Abstract

Uncertainty exits regarding the outcomes of patients receiving stereotactic body radiotherapy (SBRT) for spinal metastases. We sought to create a prognostic index using recursive partitioning analysis (RPA) for overall survival (OS). After institutional review board (IRB) approval, we performed a retrospective review on 334 patients treated with SBRT between 2005 and 2017. The cohort was split 2:1 into modelling and validation datasets. RPA was performed in the modeling cohort of patients to identify any association of the following variables with OS after spine SBRT: tumor histology, gender, age, race, performance status (KPS), controlled primary, extraosseous metastases, previous surgery, previous radiation therapy, time from primary diagnosis to treatment with SBRT, extent of spinal disease (single or multiple), spine disease type (bone only, epidural only, or bone plus epidural), paraspinal extension, equivalent dose in 2-Gy fractions (EQD2) for a/b ratio of 2, and EQD2 a/b ratio of 10. Median OS for the entire cohort was 9.8 months (95% CI 7.8-11.8). RPA analysis identified two prognostic groups (p<0.001). RPA1 included patients with bone only disease or extraosseous metastases and controlled primary from breast/prostate primary; RPA2 included extraosseous metastases from non-breast/prostate primary or uncontrolled breast/prostate primary. Median OS was 18.0 months (IQR: 6.9-29.0) and 5.4 months (IQR: 4.1-6.8) for RPA1 and RPA2, respectively.
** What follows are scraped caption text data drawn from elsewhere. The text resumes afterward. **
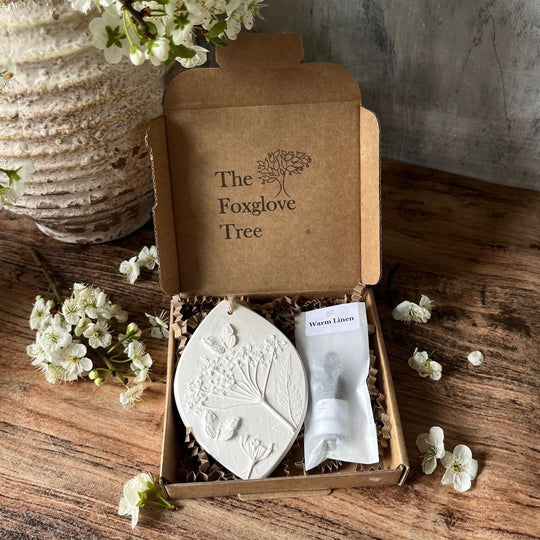 Large Botanical Cast Fragrance Diffuser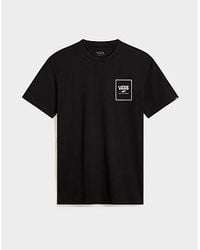 Vans - Mini Box T-shirt - Lyst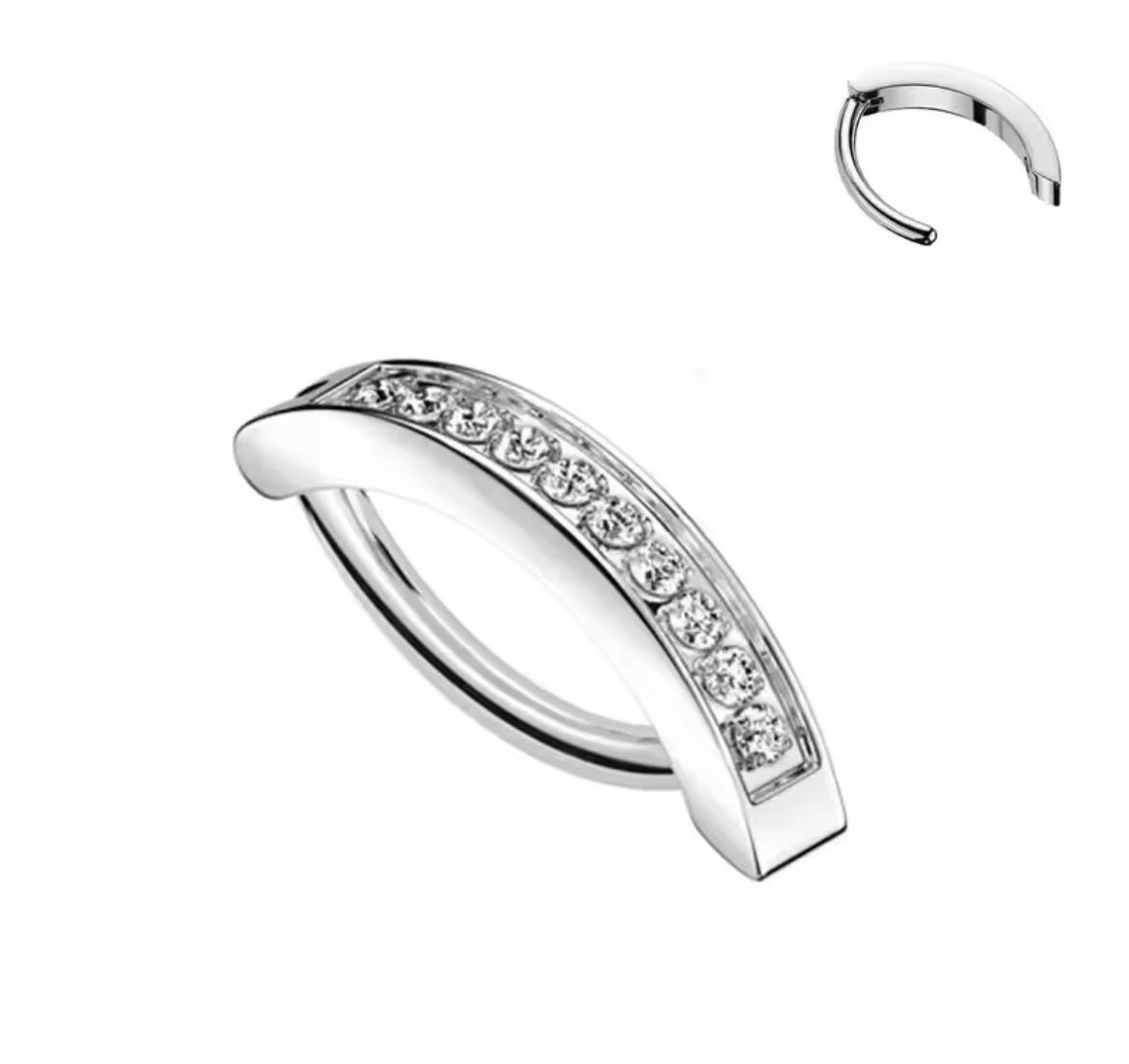 Belly Clicker Titanium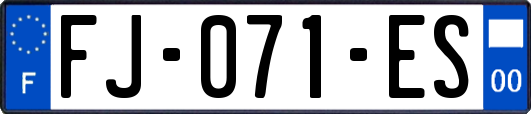 FJ-071-ES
Multivariate Cox regression including the RPA and all other factors found to be significant initially in univariate analysis confirmed the RPA as the most significant variable predicting survival after spine SBRT in the validation data set. Patients treated for spine metastases with SBRT have variability in OS. An RPA classification system was developed with plans to further refine OS outcomes with additional variables. The RPA1 classification can successfully identify patients with sufficiently long expected OS that prospective analysis for late effects could be feasible in this cohort.